Pentium 4 Thermal Throttling
By Van Smith
Date: July 23, 2001
At InQuest Market Research, I was involved in producing two highly controversial articles discussing Intel Pentium 4 thermal throttling, "Can the P4 Recover?," and "The War Escalates: Athlon 4 takes on Pentium 4." However, neither of these pieces precisely reflected either my assessment of this subject or my motivation in writing about it. This article is intended to encapsulate a few points I wanted to draw attention to.
1. At the time, the P4's maximum power dissipation rate was being widely misrepresented.
This is a clear statement of fact that is now common knowledge. Some Intel supporters, while eventually forced to acknowledge this point, now suggest it is better to compare "typical" power consumption of one chip with "typical" power consumption of another. The problem here is that there are no independent guidelines set to determine what constitutes a "typical" workload, so comparisons from one manufacturer to the next are invalid.
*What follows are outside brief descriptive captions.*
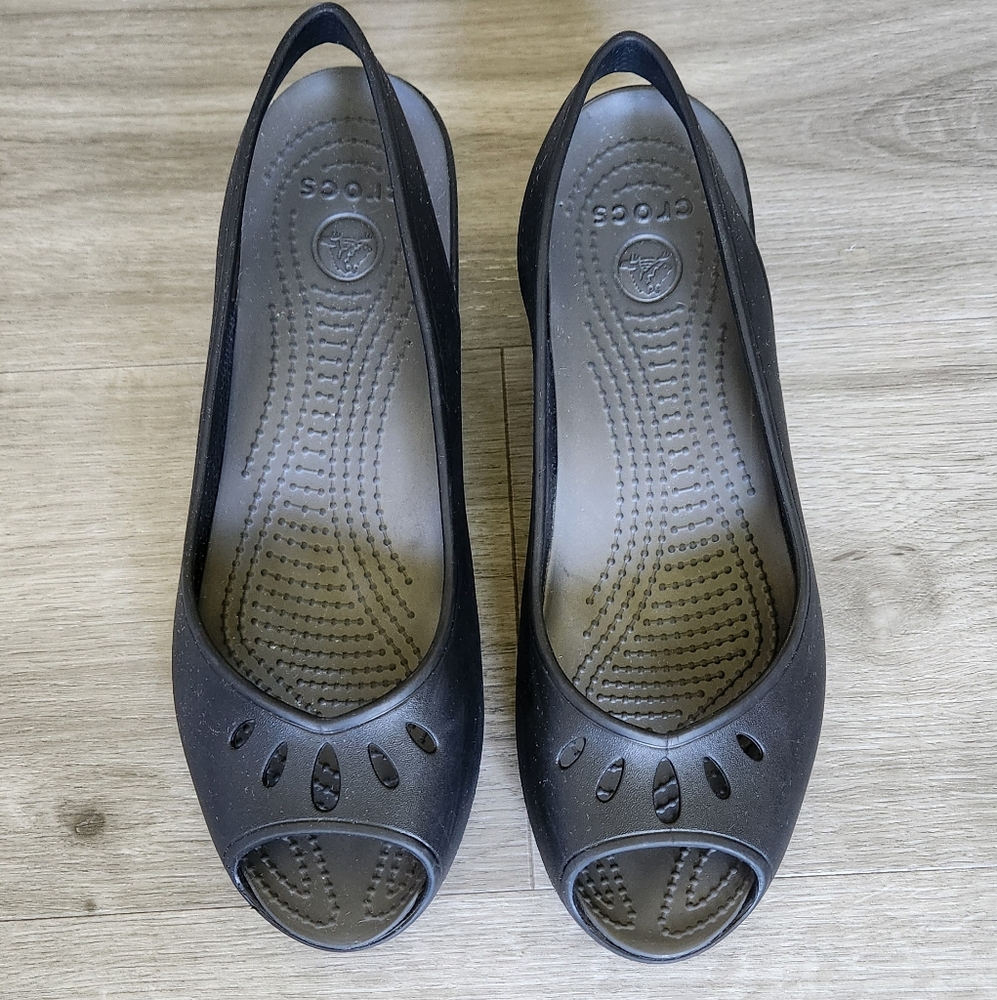 CROCS "Mabyn" Slingback Mini Wedge Peep Toe Black Size 10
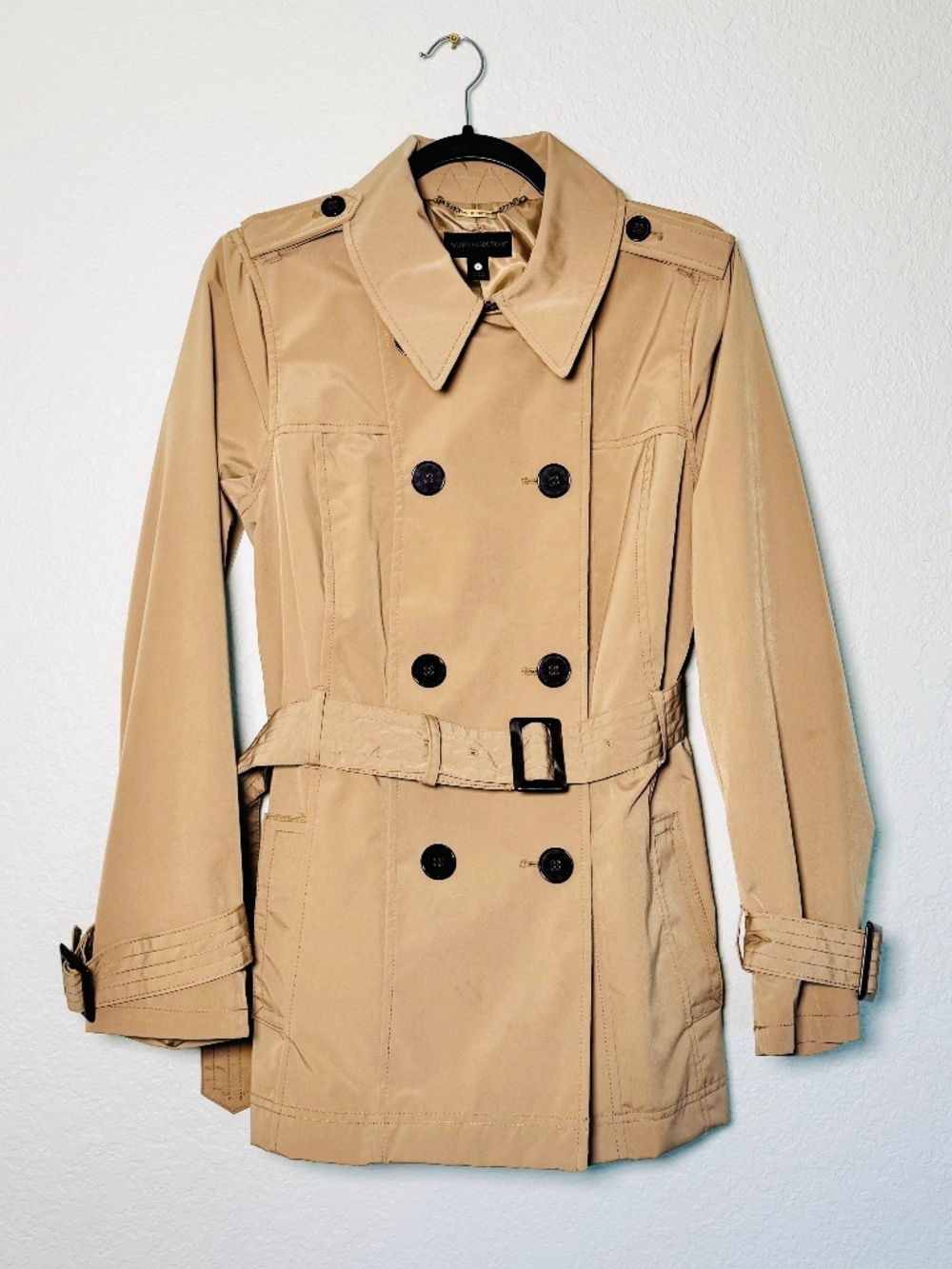 Worthington Trench Coat Women's L Beige Khaki Classic Classy Sophisticated Chic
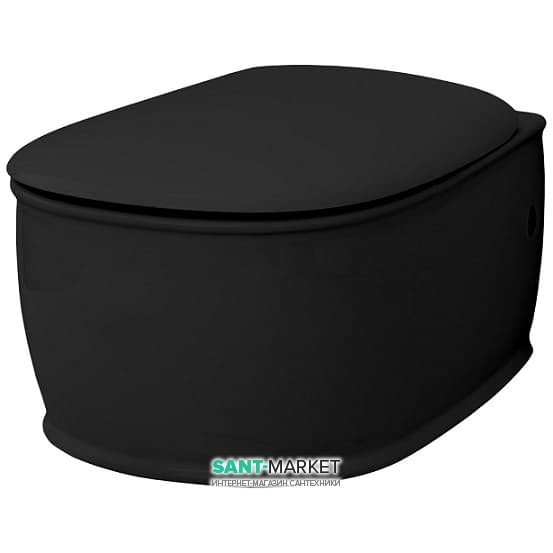 Унитаз подвесной ArtCeram Azuley 37х52,5 см чёрный глянцевый AZV001 03;00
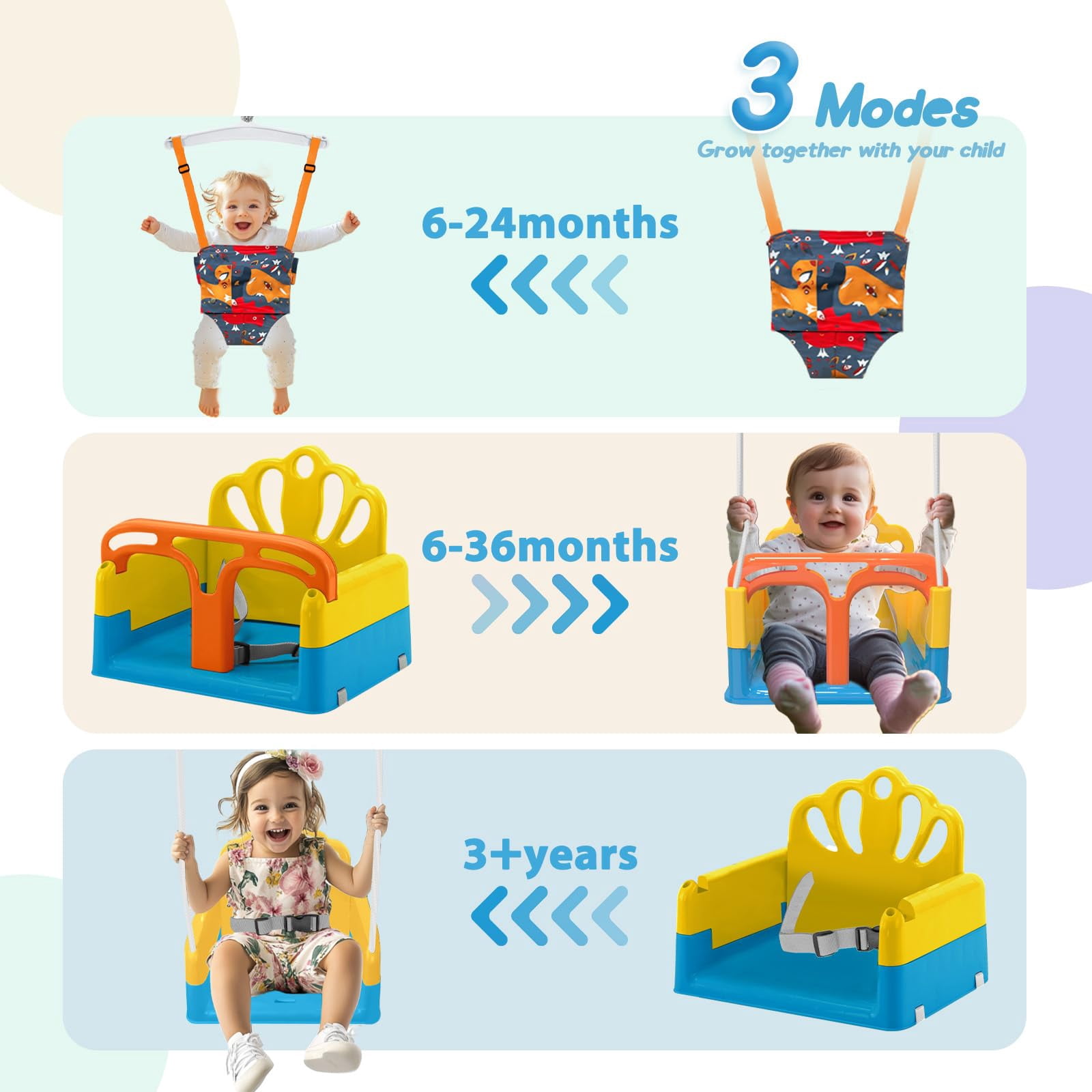 G TALECO GEAR Foldable Toddler Swing, 2 in 1 Swing Sets for Backyard, Easy to Install & Store, Blue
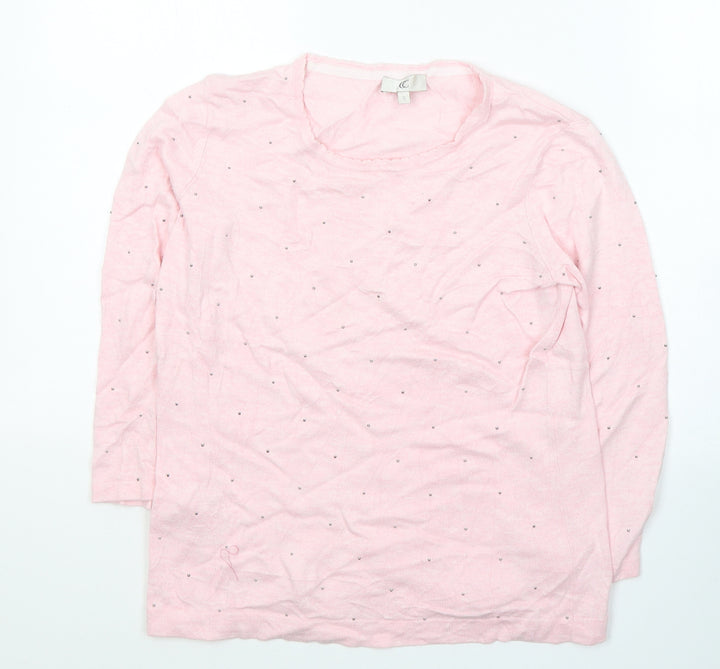 CC Womens Pink Round Neck Cotton Pullover Jumper Size S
Prior to the InQuest article, many reviewers, with Intel's guidance (I attended a press briefing where this occurred), compared the Pentium 4's Therrnal Design Power, a somewhat arbitrary value at roughly 75% peak power, with the Athlon's worst case maximum power. Not surprisingly, under these conditions the Pentium 4 bested the Athlon. However, contrasted correctly under worst case conditions, the 1.4 GHz Athlon dissipates 72W, while the comparably performing 1.8 GHz Pentium 4 consumes roughly 87-88W (power is calculated at Vcc_mid = 1.6625 V, Icc_max = 52.7 A) under the same circumstances.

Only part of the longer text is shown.